--- Available data Enclosed Below ---

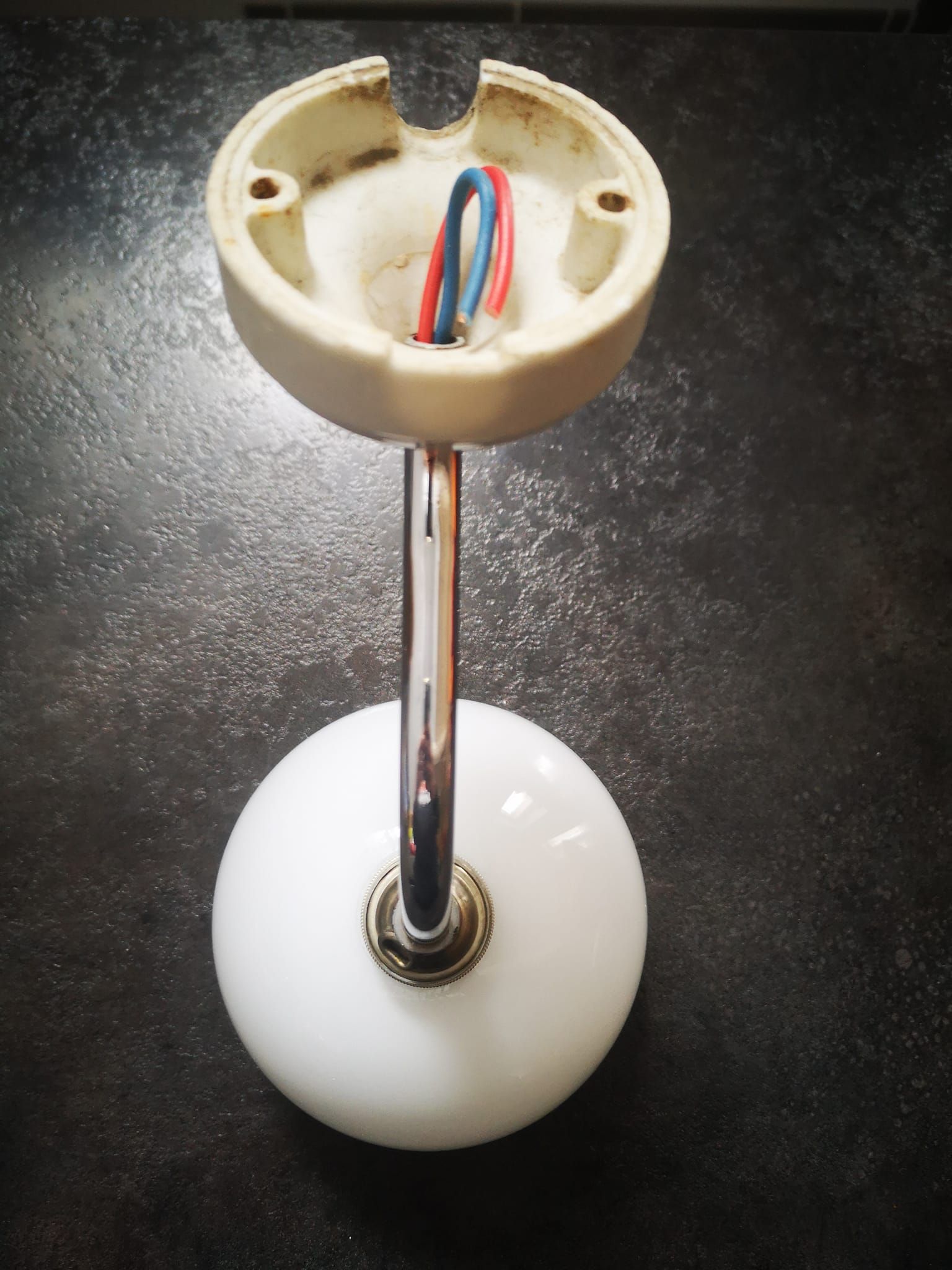 Wall lamp old opaline silver metal globe & porcelain base Art Deco 1930 TBE gooseneck
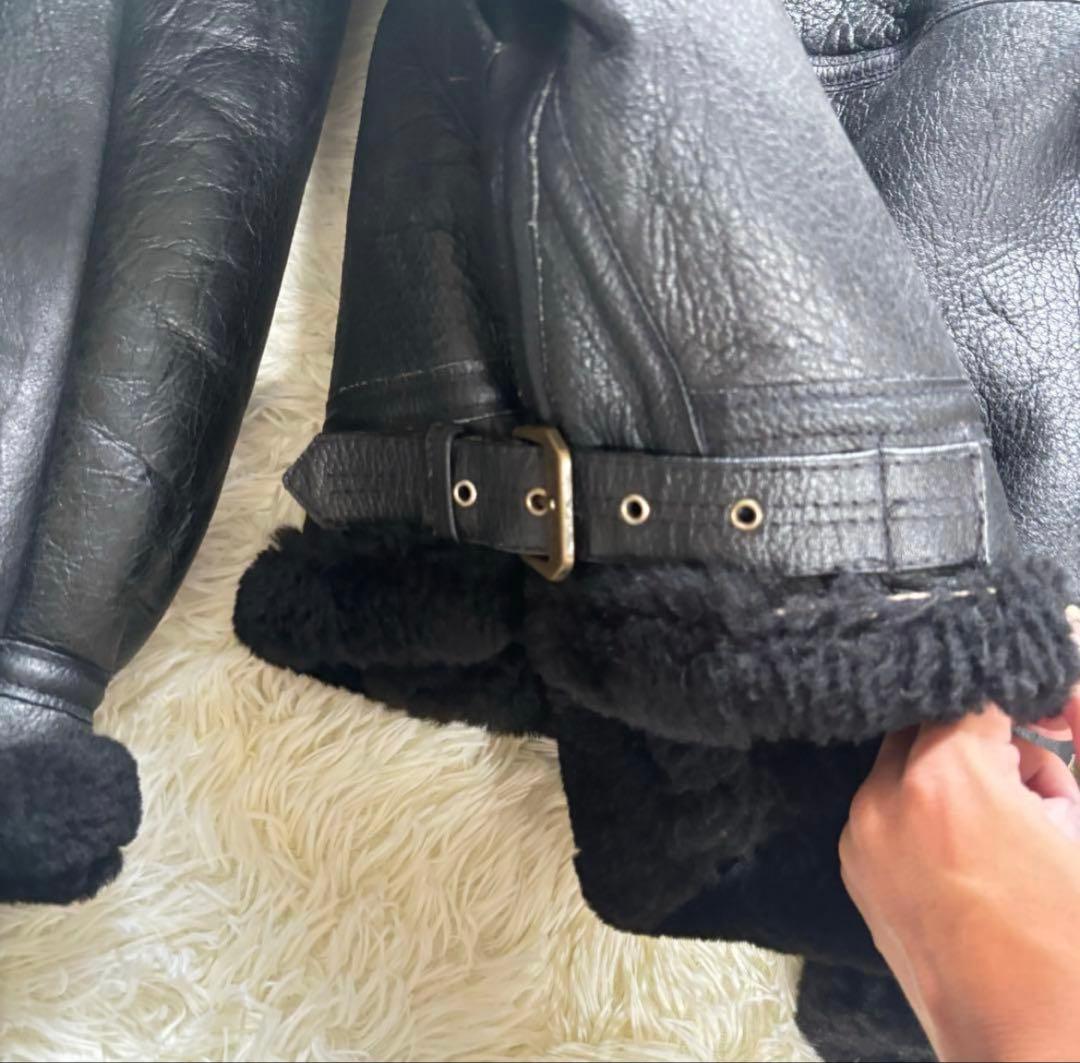 美品✨AVIREX ムートン　レザージャケット　B-3 羊革　36 ブラック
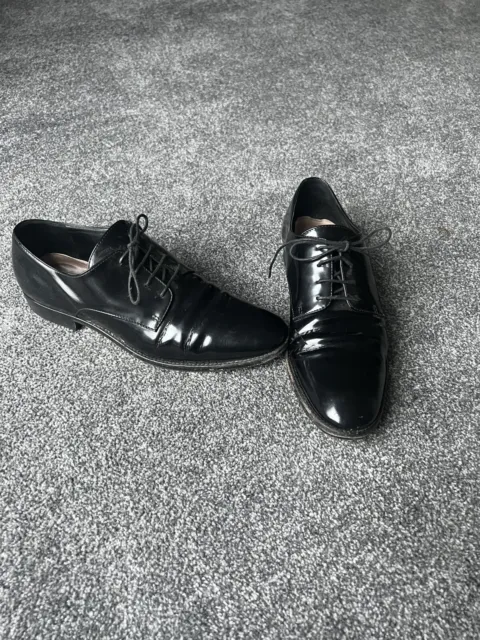 VINTAGE CHRISTIAN DIOR Black Patent Leather Lace Up Oxford Shoes UK 6 / 39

--- End of Enclosed Available data ---

• _What to produce_: Write out again every line above exactly as given; the pictures do not belong in the copy.

• _Response box_:
 Wall lamp old opaline silver metal globe & porcelain base Art Deco 1930 TBE gooseneck
 美品✨AVIREX ムートン　レザージャケット　B-3 羊革　36 ブラック
 VINTAGE CHRISTIAN DIOR Black Patent Leather Lace Up Oxford Shoes UK 6 / 39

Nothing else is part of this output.